Design issues that surfaced during development:

  • Dragging and dropping was a feature that was requested, but I realized that there was nothing in place with the design/prototype to reflect to a user that as they are dragging their file, they need to know where the file is going to drop.
    • This was mainly a problem for driver licenses since there needed to be a front and a back, thus creating two drop areas.
  • Another issue was that only one error message was provided in the design spec: if the file selected was too big.
    • We needed to account for things like invalid file types and drag/dropping multiple files.
    • This was not so much an engineering issue, so the fix was just to provide a proper error message to let the user know what they did wrong.

A valuable thing that I learned from this project was to not only be able to manage expectations between my PM and manager but also be able to develop the leadership skills to collaborate with my team and designers to get this out to production.

Intuit Design Systems [IDS] Accordion Component

Initially, I volunteered to take up a task to research what it would take to make an accordion component for a new onboarding flow my team was going to work on.

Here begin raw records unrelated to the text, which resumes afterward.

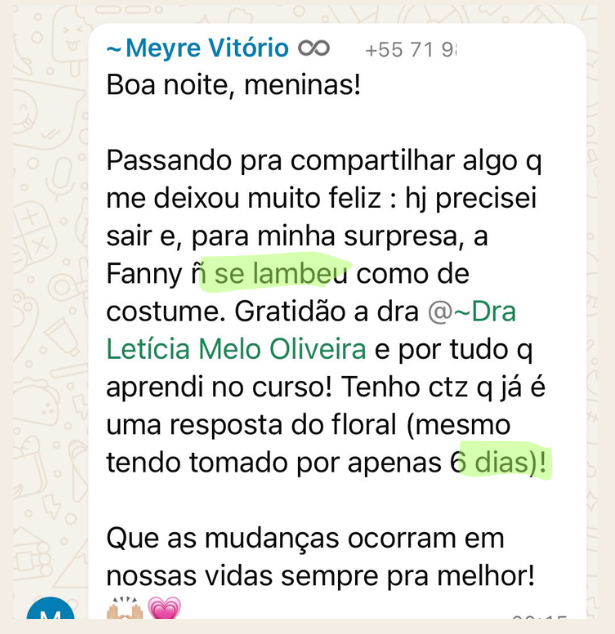 Depoimento Formação Equilíbrio Pet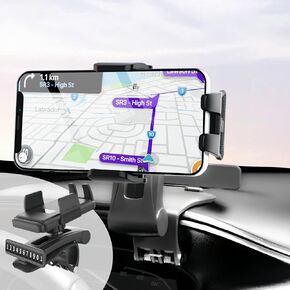 Car Phone Holder 360 Degree Rotatable - Dashboard Mobile Phone Holder Car Clip Holder Car Phone Mount Suitable for 4 to 7 inch Smartphones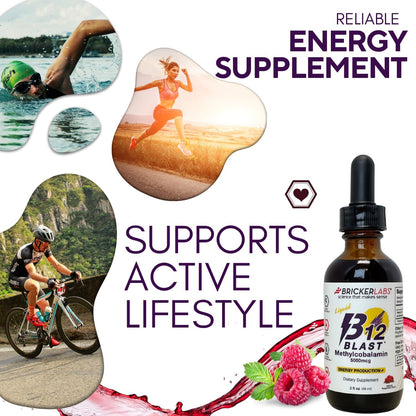 Bricker Labs B12 Blast Methylcobalamin 5000mcg Sublingual Liquid - Vegan B12 Energy Support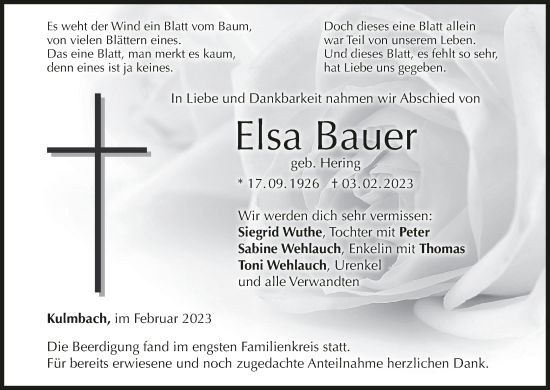 Anzeige von Elsa Bauer von MGO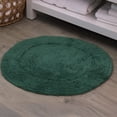 thumbnail image 1 of HOME WEAVERS Waterford Collection Cotton Round Bath Rug, 30" Round, Bottle Green, 1 of 9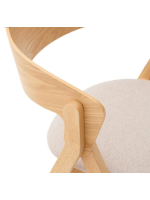 SIFNOS chaise en placage de frêne et pieds en bois d'hévéa massif avec finition naturelle design maison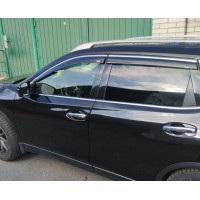 Ветровики с хромом (4 шт, Niken) для Nissan X-trail T32/Rogue 2014-2021 гг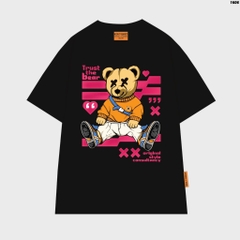 Áo thun tay lỡ HY KOREA Gấu Trust the Bear 1606 form rộng unisex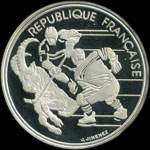 Pièce de 100 francs 1991 - XVIes Jeux Olympiques d'Hiver - Albertville 92 - Hockey sur Glace - Bouquetin - avers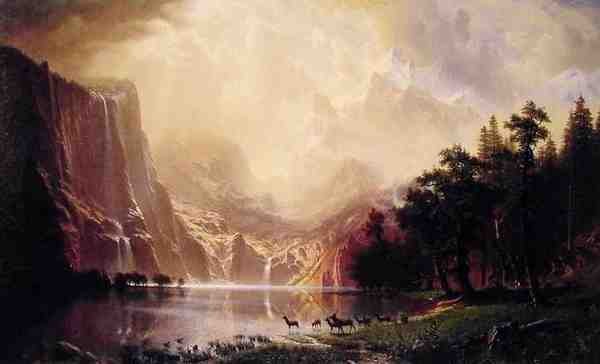 Bierstadt Albert Among The Sierra Nevada Mountains A4 Photo Print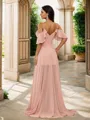 A-Line/Princess Chiffon Ruched Straps Sleeveless Floor-Length Bridesmaid Dresses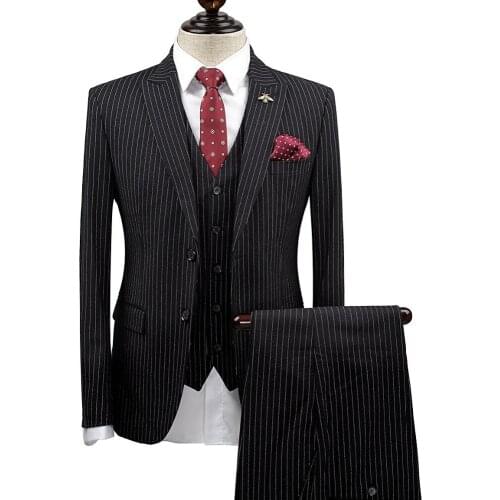 Brand clothing slim fit men suits tuxedo coat /vest/pant formal groom wedding suits for men boy prom suits Striped fashion suits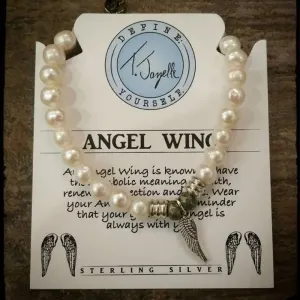 Angel Wing Bracelet by T.Jazelle. Sterling silver charms with semi-precious stones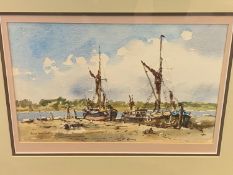 Watercolour by Gerald Edwin Tucker, a watercolour by Peter Knox and 3 prints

After doing all the research and having countless meetings with the designers to figure out every single edge case that the accordion would have, I really wanted to build that component. Due to my NDA, I cannot show what it looks like just yet, as it is not officially released even within Intuit, but stay tuned!

My ultimate goal was to not only make a component that my team can use, but also make a component that could be potentially used by other teams. As I found out, this accordion design is a design pattern that would be used throughout all of Quickbooks, and there was a bare bones version of an accordion that I could build on top of.

Key Features:

  • Utilize a version of an existing accordion and modify it so that it is customizable for the consumer
  • Collaboration with motion designers to be consistent with Intuit’s new motion design guidelines
  • Customizable to different themes to match Intuit’s respective products
  • Working towards graduation for officially being a part of Intuit Design Systems
    • Upgraded project to React 16
    • Collaboration with Accessibility team to meet Intuit’s standards
    • Provide help and information externally to other teams for consumption

My initial thought was to not use the existing accordion, but the more I did my research the more it made sense: the bare bones version would be a part of the intuit design system, it was made so that it could be customizable (with a few improvements), and it would not require to make something from scratch. This was something I only found out after going back and forth as to if should make a component from scratch, or leverage something that has the basic functionality in place. The bare bones accordion was definitely not an exact match, but after collaborating with the developer, we were able to make it so that the consumers of the accordion had full control as to what the header and body components would have. My further contributions were to pass in props in the react component to be able to provide the styling for the Quickbooks wide accordion. I also developed a theme provider so that this accordion style could take up different themes based on whatever product it was used for: mint, quickbooks, turbo tax, etc.

At the end of the contribution, I was able to make something that could be used throughout Intuit, as I felt that it would be ultimately inefficient for another team to develop the same thing. In fact, multiple teams were designing new UIs with the accordion style that my team was using. This accordion currently sits as a lab component, but once two teams use it and it meets proper code coverage, it will be graduated into IDS officially, and it will be packaged into every project automatically as currently it is available in Intuit’s npm registry meaning developers have to install it manually.